Friday, March 09, 2007

Know Thyself: Impossible?

Comment on “Do the Impossible: Know Thyself” by Theodore Dalrymple, New English Review, March 2007.

In the following lines I approach the question from an angle different from but not opposed to or at variance with that of Dr. Dalrymple, whose conclusions I find insightful, sagacious, and truly enlightening. Indeed, I fear that my angle of approach being so different, my comments may be thought irrelevant to the content of the article.

I agree that it is an illusion to think that we are “on the verge of … a breakthrough in self-understanding”, not, however, because self-understanding is an impossibility but because we are taking the wrong road to that destination.
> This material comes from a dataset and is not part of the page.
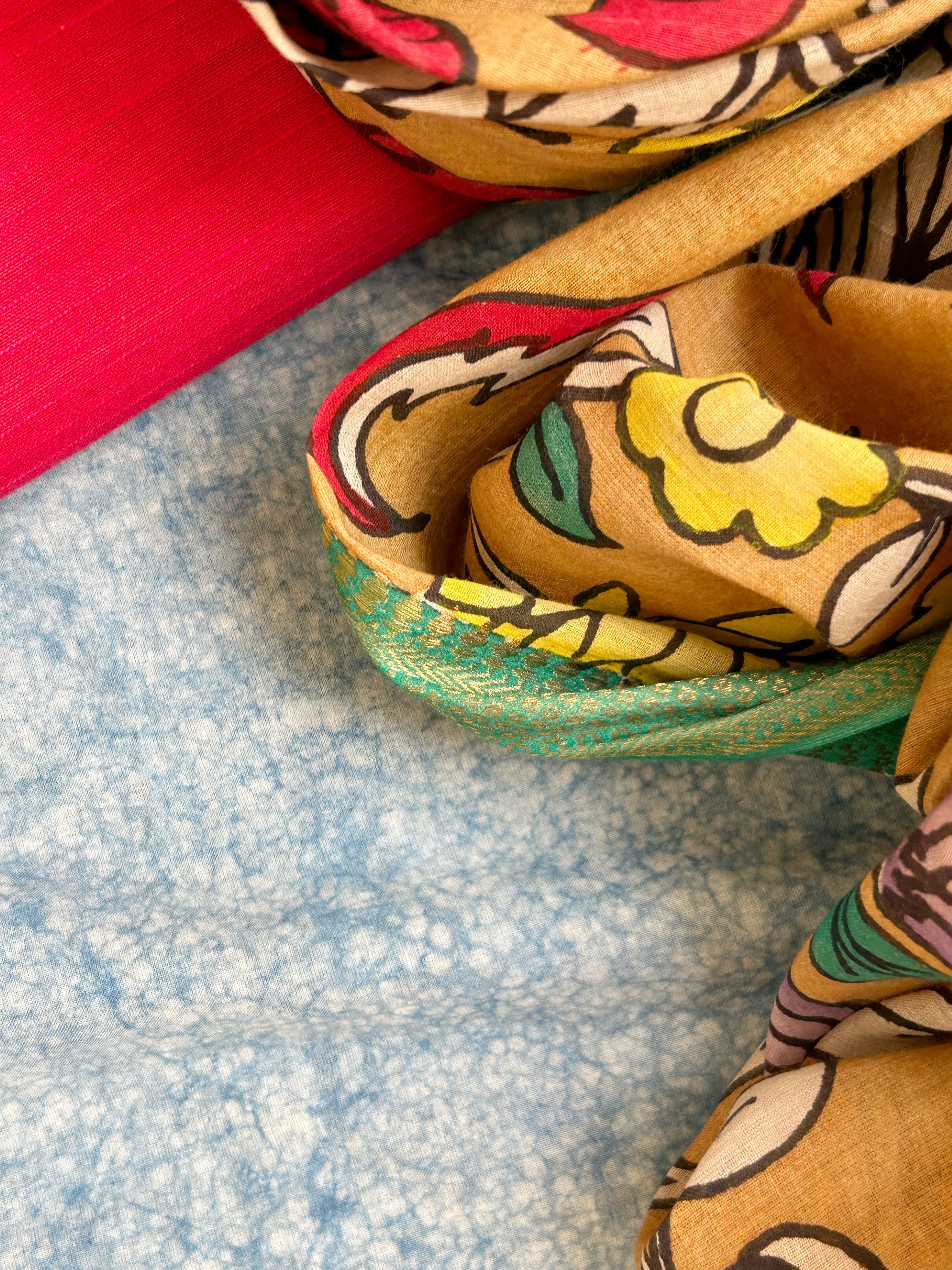 Handwoven Handcrafted Kalamkari Kurta Dupatta Set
A question ‘that is in principle unanswerable’ might be unanswerable not because it demands the impossible but because the question-form suggests that the answer be sought outside the terms of the question, whereas the terms of the question do constitute the reality sought. Thus the endless quandaries of neuroscience and philosophy of mind stem from the error of treating the mind as an object to be explained in terms of other objects – be those elements, concepts, or processes – instead of seeing the self-evident reality of the mind as the first principle of all meaning and all explanation.

This position is not to be confounded with the belief that the thorny practical problems of human existence have been solved. The inner reality of the mind may be our citadel, but on the outside not only the world at large, not only human society at large, not only our body, but even all the drives, inclinations, fears, imposed dogmas and superstitions that throng the mind, form a dark and fearsome jungle that we can only cut through slowly by the instruments of empirical inquiry and pragmatic trial and error. Only those who have surrendered their minds to dogmatism of whatever kind think there are ready, definitive answers to the problems of human existence. But this question is distinct from and should be kept distinct from that of the philosophical question about the mind.
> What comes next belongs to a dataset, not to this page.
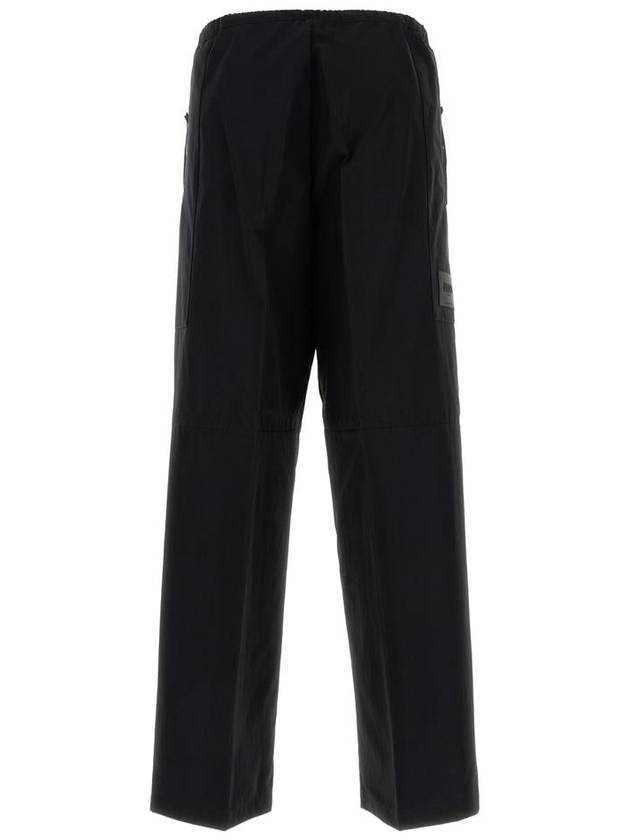 logo patch drawstring straight pants black - FENDI - BALAAN 3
I have no problem, for instance, with conceding that neuropsychiatry may be of help in dealing with certain behavioural or interpersonal problems.

However, self-understanding, the self-understanding that Socrates preached, that Buddha sought, is not something to be achieved, by an individual person or by humanity at large, definitively and once for all. It is not knowledge arrived at and established by some science: it is a way of life, founded on the realization that our inner reality, our inner life, which can only be in the exercise of intelligence, in living as rational beings, is what makes us human and is what gives us what worth we might claim. This self-understanding is not impossible, it is something all normal human beings have some flicker of, but it is not something that may be captured in any fixed objective formulation.